Intense pochodzą z Anglii. Kapela została założona już 14 lat temu. Dopiero w 2004 roku udało się muzykom zarejestrować swoje pomysły na srebrnym nośniku. Wcześniej wydawali demówki (a było ich trochę) oraz jedną ep'kę. "Second Sight" to zatem debiut kapeli. Trochę głupio to brzmi (zwarzywszy na te 14 lat grania), ale cóż, różne są koleje losu. Intense nie mieli chyba tyle szczęścia co inni. A może po prostu nie grają nic wartościowego? Nie, to zdecydowanie odpada. Intense to naprawdę ciekawy twór, kapela pochodzi z Anglii zatem siłą rzeczy musi inspirować się rzeczami, które te "kilka" lat temu zwojowały świat. Słychać oczywiste nawiązania do Iron Maiden. Jednak to nie wszystko. "Second Sight" to mieszanka europejskiego i amerykańskiego łojenia. Takie kapele jak Iced Earth też tutaj słychać. Na pewno nie są to jakieś rip-off'y, ale inspiracje wyraźnie słyszalne. Sean Hetherington też śpiewa jakby połknął Matta Barlowa. Wokal trzeba przyznać ma ciekawy, brakuje tylko miejscami nutki energii, radości czy wreszcie chwytliwego, wpadającego do głowy refrenu.
Warto jeszcze wspomnieć o samych numerach. Te są naprawdę z głową zaaranżowane. Połamane, odpowiednio pokręcone. Aż chce się użyć słowa progresywne i pewnym sensie tak jest. Muzycy Intense mieszają, kombinują, dodają do siebie różne elementy i wychodzi z tego naprawdę ciekawa, interesująca... ale dość trudna w odbiorze muzyka. "Second Sight" to nie jest krążek z tych, co to po jednym przesłuchaniu wpadają do głowy. O nie nie! Tej płycie trzeba dać czasu, odpowiednio się wsłuchać, by z czasem wyłapać wszystkie niuanse. Za to należy się muzykom wielki plus.

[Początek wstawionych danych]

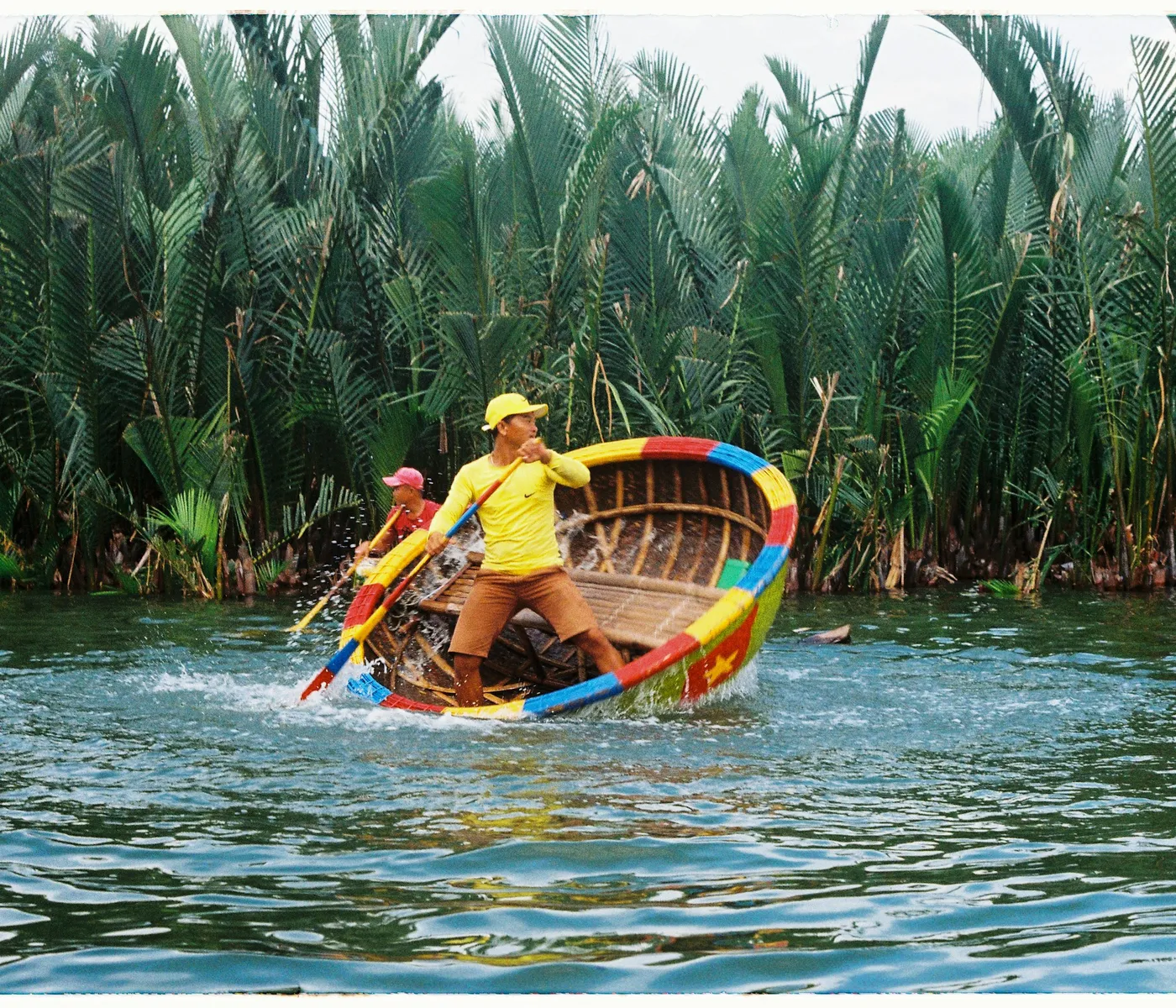 A basket boat spinning through the Cam Thanh coconut forest
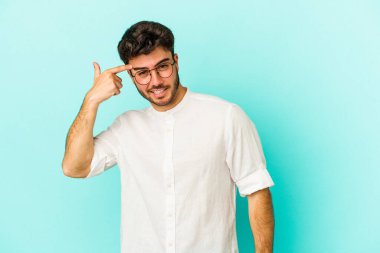 Mavi arka planda izole edilmiş genç beyaz adam işaret parmağıyla bir hayal kırıklığı jesti gösteriyor..
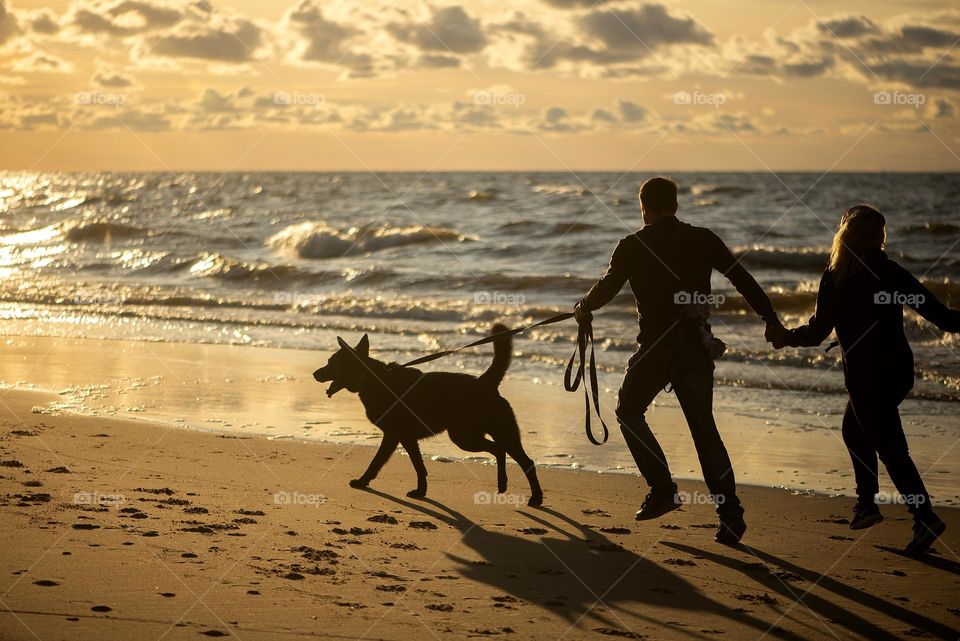 Family with dog on the beach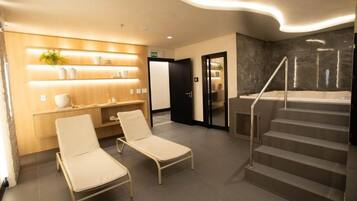 Un hall d’hôtel moderne avec deux fauteuils, un comptoir d’accueil, un escalier et un espace dédié aux soins.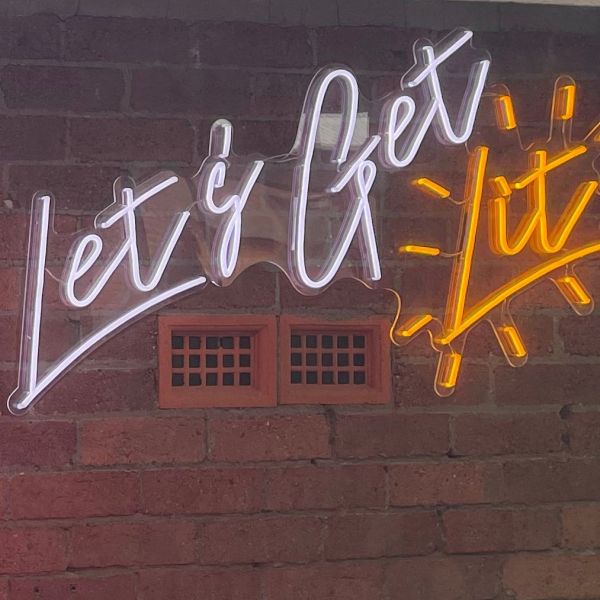 Let's Get Lit white & yellow Custom Neon® sign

Komu polecić debiut tej kapeli? Sam nie wiem, myślę, że wszyscy miłośnicy power metalu zagranego po amerykańsku znajdą tutaj coś dla siebie. O ile oczywiście na dźwięk instrumentu klawiszowego nie dostają gęsiej skórki. Choć z drugiej strony ma strachu, parapet robi tu tylko tło, brzmienie tego instrumentu też nie jest jakieś "weselne". Byłbym skłonny stwierdzić, że świetnie wzbogaca sound całości. Zatem krótko. Jeżeli szukacie płytki na kilka wieczorów to "Second Sight" będzie naprawdę dobrym rozwiązaniem.